The activists made a marriage proposal to Pick n Pay, calling on the retailer to commit to a 100% renewable energy future, and ditch its dirty love affair with fossil fuels.
This was part of a campaign to involve retailers in embracing renewable energy.
In a protest, activists delivered a huge engagement ring to Pick n Pay’s CEO Richard Brasher. A banner was also unfurled above the entrance of the Cape Town headquarters with the message “Pick n Pay: say yes to the sun”.
“Pick n Pay: say yes to the sun” banner PIC: Greenpeace
"Pick n Pay has a clear opportunity and an ethical obligation to show the millions of South Africans who shop in their stores that they really care about the future of our country,” said Cooke.
She said renewable energy provides an opportunity for South Africa to move away from fossil fuels and expensive nuclear power.
"Retailers can take the lead to kick-start a renewable energy revolution for the benefit of all South Africa’s people, many of whom are Pick n Pay consumers.”
Greenpeace wants Pick n Pay to chart a way forward to attain 100% renewable energy, including to lobby government.
Pick n pay responds:
However, Pick n Pay told Fin24 that Greenpeace's initiative should include government and other stakeholders in order to address the challenges that retailers face.

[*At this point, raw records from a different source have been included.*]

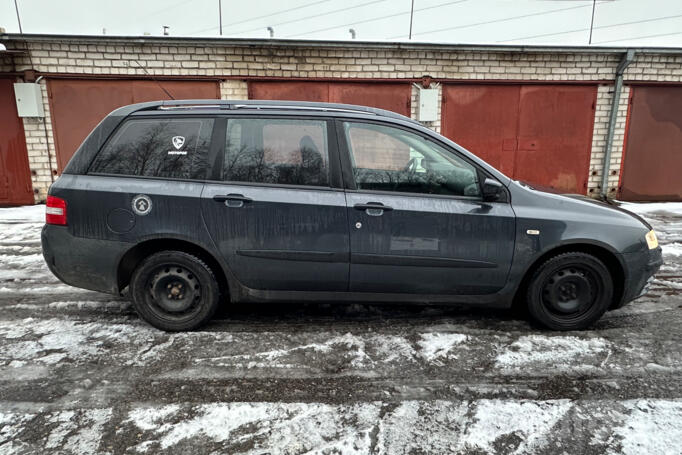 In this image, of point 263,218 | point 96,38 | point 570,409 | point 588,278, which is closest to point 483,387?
point 570,409

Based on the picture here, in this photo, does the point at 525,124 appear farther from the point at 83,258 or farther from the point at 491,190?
the point at 83,258

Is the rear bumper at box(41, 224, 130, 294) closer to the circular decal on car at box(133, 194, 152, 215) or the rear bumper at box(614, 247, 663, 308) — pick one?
the circular decal on car at box(133, 194, 152, 215)

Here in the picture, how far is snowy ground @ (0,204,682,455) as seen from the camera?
91.1 inches

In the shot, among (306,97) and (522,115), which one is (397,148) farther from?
(522,115)

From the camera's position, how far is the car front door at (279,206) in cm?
333

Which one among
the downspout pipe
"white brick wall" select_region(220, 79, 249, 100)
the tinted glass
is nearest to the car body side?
the tinted glass

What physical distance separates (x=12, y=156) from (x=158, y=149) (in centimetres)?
827

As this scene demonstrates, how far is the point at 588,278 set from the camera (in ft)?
11.4

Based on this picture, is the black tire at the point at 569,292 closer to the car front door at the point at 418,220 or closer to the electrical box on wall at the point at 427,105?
the car front door at the point at 418,220

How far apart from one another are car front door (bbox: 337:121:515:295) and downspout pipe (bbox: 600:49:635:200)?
330 inches

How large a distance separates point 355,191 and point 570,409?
198 cm

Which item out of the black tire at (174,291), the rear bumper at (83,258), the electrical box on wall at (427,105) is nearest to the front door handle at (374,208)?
the black tire at (174,291)

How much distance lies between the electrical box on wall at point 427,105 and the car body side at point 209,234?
21.3ft

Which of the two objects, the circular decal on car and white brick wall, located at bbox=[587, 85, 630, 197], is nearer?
the circular decal on car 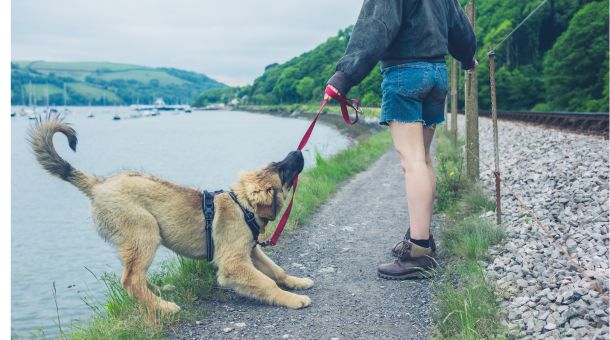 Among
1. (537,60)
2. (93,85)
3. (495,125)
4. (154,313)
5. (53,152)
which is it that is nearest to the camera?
(154,313)

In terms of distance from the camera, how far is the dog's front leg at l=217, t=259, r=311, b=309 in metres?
3.70

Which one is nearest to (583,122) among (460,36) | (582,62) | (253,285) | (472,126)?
(472,126)

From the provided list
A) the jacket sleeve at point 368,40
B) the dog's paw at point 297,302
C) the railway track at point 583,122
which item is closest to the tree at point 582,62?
the railway track at point 583,122

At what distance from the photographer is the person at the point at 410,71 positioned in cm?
363

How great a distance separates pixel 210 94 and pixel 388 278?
183 meters

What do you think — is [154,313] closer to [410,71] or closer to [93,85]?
[410,71]

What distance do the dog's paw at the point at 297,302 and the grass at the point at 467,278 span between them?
97cm

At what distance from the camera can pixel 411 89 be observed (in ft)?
12.2

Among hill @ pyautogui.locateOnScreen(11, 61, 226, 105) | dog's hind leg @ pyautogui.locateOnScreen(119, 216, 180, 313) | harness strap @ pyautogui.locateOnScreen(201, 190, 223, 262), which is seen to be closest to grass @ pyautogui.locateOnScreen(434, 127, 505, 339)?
harness strap @ pyautogui.locateOnScreen(201, 190, 223, 262)

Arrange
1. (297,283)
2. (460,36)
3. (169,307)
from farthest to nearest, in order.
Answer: (460,36), (297,283), (169,307)

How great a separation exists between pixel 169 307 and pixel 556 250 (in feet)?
10.1

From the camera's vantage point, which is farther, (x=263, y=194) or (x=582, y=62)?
(x=582, y=62)

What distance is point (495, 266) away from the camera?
3936 millimetres

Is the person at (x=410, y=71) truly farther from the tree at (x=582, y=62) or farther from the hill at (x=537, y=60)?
the tree at (x=582, y=62) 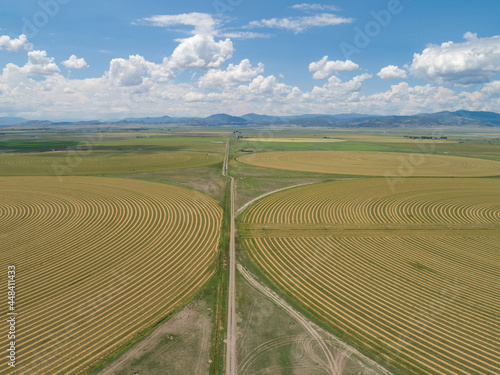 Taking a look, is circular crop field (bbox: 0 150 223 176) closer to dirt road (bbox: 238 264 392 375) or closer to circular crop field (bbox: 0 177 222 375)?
circular crop field (bbox: 0 177 222 375)

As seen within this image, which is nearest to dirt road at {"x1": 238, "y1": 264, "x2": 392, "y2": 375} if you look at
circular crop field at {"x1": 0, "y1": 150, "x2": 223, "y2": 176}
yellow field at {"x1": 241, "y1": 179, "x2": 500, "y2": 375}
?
yellow field at {"x1": 241, "y1": 179, "x2": 500, "y2": 375}

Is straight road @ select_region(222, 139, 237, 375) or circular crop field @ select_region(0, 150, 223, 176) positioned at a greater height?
circular crop field @ select_region(0, 150, 223, 176)

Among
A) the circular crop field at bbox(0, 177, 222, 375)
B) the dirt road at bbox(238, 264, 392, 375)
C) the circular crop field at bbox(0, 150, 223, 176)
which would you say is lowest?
the dirt road at bbox(238, 264, 392, 375)

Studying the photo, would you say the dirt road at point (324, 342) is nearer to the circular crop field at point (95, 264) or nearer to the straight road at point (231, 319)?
the straight road at point (231, 319)

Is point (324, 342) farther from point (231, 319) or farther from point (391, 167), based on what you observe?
point (391, 167)

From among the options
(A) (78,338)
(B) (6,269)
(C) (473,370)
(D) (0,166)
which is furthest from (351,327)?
(D) (0,166)

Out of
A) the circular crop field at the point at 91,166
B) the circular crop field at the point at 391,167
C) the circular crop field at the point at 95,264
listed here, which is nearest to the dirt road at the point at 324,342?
the circular crop field at the point at 95,264

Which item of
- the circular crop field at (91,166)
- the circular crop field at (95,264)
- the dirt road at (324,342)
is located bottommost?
→ the dirt road at (324,342) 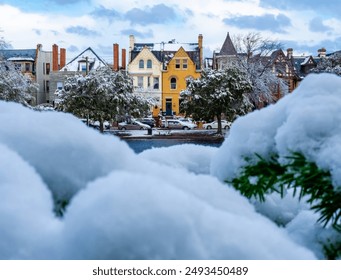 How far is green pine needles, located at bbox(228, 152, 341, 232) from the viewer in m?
1.01

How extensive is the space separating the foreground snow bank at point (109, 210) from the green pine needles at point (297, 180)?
0.08 m

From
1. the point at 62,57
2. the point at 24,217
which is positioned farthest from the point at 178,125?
the point at 24,217

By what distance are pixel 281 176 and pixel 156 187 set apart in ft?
1.11

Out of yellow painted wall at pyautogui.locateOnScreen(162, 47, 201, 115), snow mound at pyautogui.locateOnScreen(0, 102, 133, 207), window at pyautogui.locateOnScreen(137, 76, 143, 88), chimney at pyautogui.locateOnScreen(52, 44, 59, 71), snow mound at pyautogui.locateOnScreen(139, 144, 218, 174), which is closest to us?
snow mound at pyautogui.locateOnScreen(0, 102, 133, 207)

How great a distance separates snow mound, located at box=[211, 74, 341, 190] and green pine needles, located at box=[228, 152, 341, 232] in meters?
0.02

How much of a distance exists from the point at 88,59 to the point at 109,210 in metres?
43.7

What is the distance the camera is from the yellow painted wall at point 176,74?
146 feet

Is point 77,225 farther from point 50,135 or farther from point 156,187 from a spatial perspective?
point 50,135

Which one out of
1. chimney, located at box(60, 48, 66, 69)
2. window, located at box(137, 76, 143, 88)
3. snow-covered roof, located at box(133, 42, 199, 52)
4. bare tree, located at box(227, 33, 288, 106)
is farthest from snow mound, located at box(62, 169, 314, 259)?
snow-covered roof, located at box(133, 42, 199, 52)

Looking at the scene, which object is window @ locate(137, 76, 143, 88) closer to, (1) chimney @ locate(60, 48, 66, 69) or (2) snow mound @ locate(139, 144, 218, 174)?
(1) chimney @ locate(60, 48, 66, 69)

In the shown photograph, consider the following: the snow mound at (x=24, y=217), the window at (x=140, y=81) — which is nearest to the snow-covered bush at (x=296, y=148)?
the snow mound at (x=24, y=217)

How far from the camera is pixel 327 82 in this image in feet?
3.75

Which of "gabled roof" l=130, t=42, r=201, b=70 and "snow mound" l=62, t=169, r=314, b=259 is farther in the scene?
"gabled roof" l=130, t=42, r=201, b=70

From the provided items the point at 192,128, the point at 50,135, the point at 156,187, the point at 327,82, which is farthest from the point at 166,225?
the point at 192,128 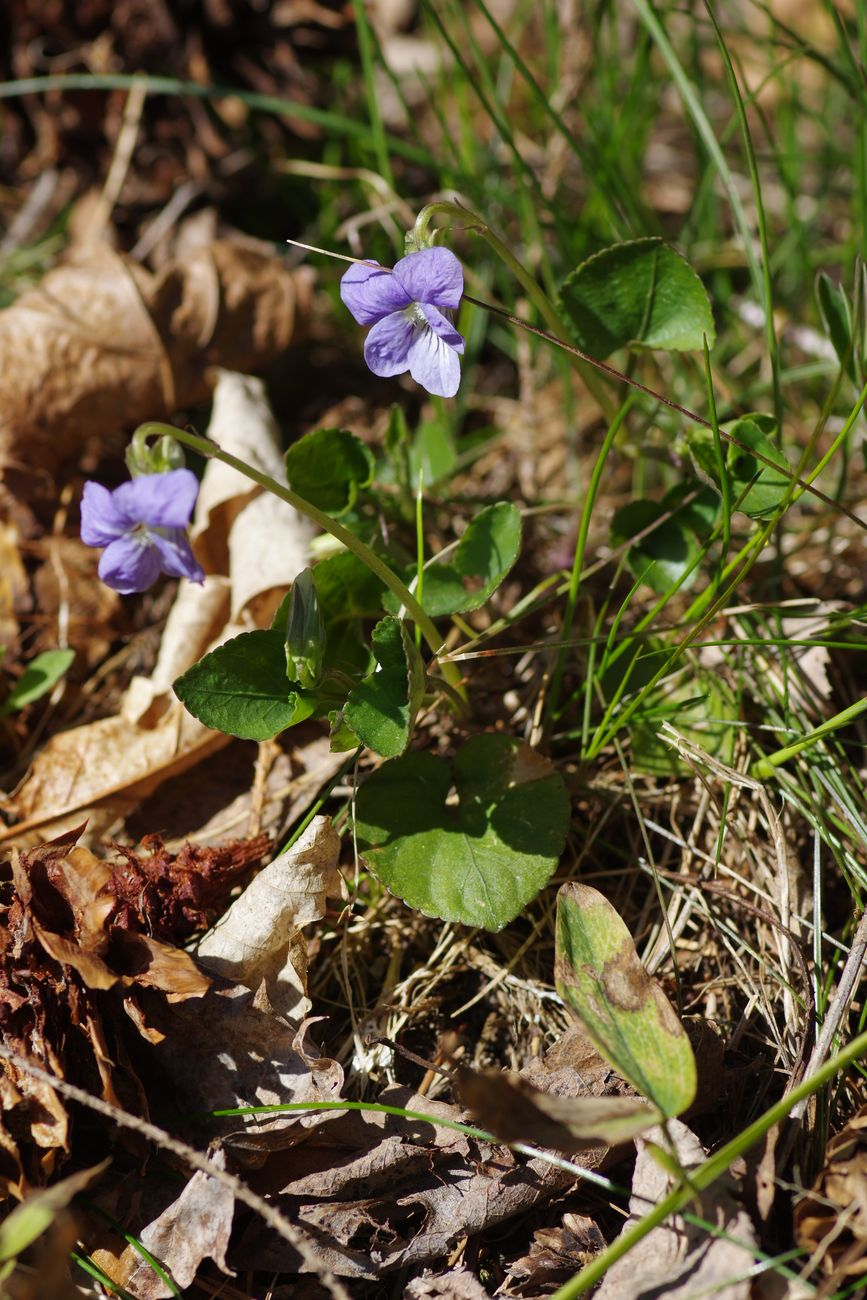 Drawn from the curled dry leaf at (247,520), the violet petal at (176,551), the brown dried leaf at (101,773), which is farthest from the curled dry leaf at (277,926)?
the curled dry leaf at (247,520)

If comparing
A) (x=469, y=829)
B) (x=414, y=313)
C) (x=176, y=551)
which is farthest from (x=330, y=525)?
(x=469, y=829)

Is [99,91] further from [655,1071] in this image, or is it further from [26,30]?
[655,1071]

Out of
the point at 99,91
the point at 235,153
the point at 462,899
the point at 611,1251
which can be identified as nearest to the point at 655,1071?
the point at 611,1251

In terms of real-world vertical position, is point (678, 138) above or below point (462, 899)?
above

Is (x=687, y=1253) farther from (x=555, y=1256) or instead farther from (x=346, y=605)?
(x=346, y=605)

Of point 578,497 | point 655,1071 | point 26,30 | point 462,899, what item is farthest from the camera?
point 26,30

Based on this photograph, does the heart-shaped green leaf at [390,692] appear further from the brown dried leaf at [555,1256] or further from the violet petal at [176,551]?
the brown dried leaf at [555,1256]
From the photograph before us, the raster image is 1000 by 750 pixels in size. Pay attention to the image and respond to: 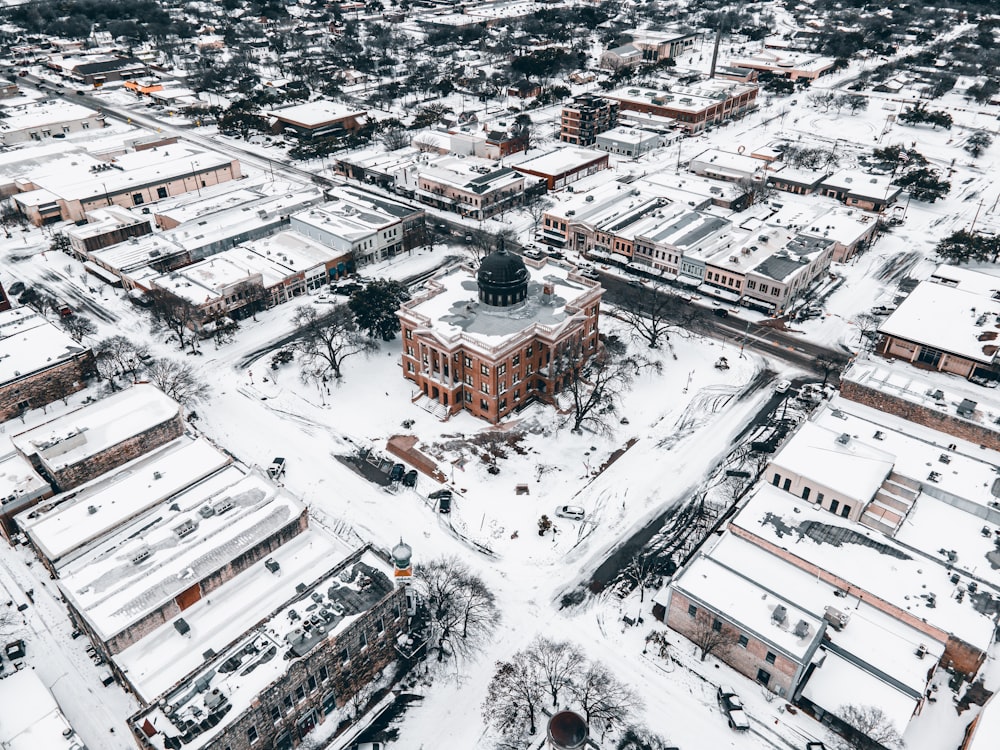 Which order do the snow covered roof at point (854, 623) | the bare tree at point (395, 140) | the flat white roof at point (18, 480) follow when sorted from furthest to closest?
1. the bare tree at point (395, 140)
2. the flat white roof at point (18, 480)
3. the snow covered roof at point (854, 623)

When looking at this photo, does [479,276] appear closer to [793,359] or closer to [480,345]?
[480,345]

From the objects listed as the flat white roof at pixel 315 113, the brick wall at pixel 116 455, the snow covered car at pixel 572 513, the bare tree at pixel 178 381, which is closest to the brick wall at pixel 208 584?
the brick wall at pixel 116 455

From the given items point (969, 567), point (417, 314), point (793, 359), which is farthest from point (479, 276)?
point (969, 567)

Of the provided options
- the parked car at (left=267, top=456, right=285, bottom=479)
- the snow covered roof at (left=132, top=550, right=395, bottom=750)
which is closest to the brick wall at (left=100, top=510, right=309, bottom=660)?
the snow covered roof at (left=132, top=550, right=395, bottom=750)

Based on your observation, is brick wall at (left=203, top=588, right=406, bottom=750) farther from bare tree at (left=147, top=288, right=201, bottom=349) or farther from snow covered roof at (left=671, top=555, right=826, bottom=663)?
bare tree at (left=147, top=288, right=201, bottom=349)

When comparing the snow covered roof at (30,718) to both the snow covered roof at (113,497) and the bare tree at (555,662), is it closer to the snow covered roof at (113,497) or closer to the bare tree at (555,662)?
the snow covered roof at (113,497)

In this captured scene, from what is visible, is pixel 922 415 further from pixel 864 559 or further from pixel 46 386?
pixel 46 386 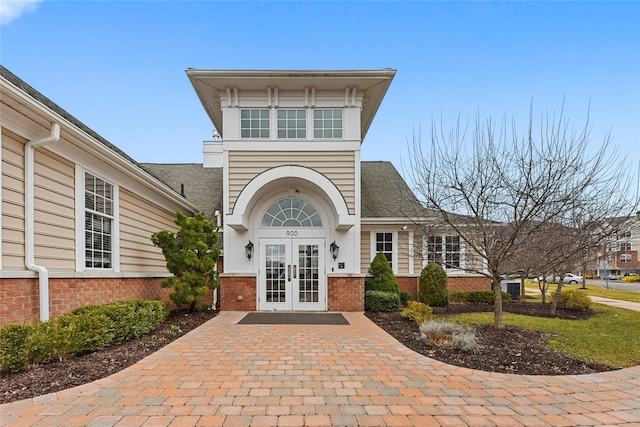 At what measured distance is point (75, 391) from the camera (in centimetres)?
404

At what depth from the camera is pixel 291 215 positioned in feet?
36.4

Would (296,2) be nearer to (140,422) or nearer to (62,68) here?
(62,68)

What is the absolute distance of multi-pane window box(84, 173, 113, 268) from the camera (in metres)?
7.10

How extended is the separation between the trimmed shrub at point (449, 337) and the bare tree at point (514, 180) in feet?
5.50

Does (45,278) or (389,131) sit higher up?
(389,131)

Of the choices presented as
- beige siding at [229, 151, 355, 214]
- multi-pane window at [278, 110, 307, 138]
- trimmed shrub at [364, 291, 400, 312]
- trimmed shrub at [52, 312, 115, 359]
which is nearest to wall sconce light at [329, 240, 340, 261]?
beige siding at [229, 151, 355, 214]

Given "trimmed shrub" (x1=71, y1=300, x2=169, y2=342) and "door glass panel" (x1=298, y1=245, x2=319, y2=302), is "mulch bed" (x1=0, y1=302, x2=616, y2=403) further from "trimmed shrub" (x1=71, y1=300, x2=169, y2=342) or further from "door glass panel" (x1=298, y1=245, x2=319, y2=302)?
"door glass panel" (x1=298, y1=245, x2=319, y2=302)

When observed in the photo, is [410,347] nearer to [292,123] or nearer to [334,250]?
[334,250]

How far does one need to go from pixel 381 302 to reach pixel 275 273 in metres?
3.40

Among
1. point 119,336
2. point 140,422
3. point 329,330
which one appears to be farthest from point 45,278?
point 329,330

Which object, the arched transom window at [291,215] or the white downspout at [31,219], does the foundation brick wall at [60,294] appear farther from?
the arched transom window at [291,215]

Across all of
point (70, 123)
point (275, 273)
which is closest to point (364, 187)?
point (275, 273)

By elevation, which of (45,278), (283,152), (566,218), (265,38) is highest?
(265,38)

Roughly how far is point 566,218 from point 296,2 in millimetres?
9359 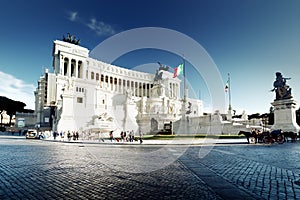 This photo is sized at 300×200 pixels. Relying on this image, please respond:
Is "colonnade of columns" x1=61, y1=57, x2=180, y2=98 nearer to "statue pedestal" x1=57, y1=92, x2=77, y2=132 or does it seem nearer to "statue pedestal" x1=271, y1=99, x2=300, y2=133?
"statue pedestal" x1=57, y1=92, x2=77, y2=132

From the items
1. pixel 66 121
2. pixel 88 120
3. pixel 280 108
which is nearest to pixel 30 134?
pixel 66 121

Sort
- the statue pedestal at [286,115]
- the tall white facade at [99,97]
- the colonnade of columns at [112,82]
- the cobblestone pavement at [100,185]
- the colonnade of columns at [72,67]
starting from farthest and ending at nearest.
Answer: the colonnade of columns at [112,82], the colonnade of columns at [72,67], the tall white facade at [99,97], the statue pedestal at [286,115], the cobblestone pavement at [100,185]

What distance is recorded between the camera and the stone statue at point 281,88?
1212 inches

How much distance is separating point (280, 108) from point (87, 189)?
108 feet

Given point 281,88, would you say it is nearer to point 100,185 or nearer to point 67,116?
point 67,116

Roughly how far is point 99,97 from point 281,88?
41041 mm

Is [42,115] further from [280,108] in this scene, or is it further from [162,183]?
[162,183]

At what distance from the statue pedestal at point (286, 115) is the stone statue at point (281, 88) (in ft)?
2.99

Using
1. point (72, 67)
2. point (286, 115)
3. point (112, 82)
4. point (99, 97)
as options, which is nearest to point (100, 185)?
point (286, 115)

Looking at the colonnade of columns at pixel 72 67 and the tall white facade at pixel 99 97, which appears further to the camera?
the colonnade of columns at pixel 72 67

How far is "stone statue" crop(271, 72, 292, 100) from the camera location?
101 feet

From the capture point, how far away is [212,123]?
3928 centimetres

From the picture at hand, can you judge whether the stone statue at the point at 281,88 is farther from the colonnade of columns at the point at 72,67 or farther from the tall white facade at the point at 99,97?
the colonnade of columns at the point at 72,67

"During our original meeting with them we explained that, to be meaningful, their campaign should really embrace government and the whole economy, including the energy producers, so as to tackle the barriers which Greenpeace itself explains are currently preventing progressive businesses from moving faster and further on decarbonising energy," the retailer said in a statement.
Pick n Pay agreed that renewable energy is a priority, indicating that it is already using renewable technology at its stores.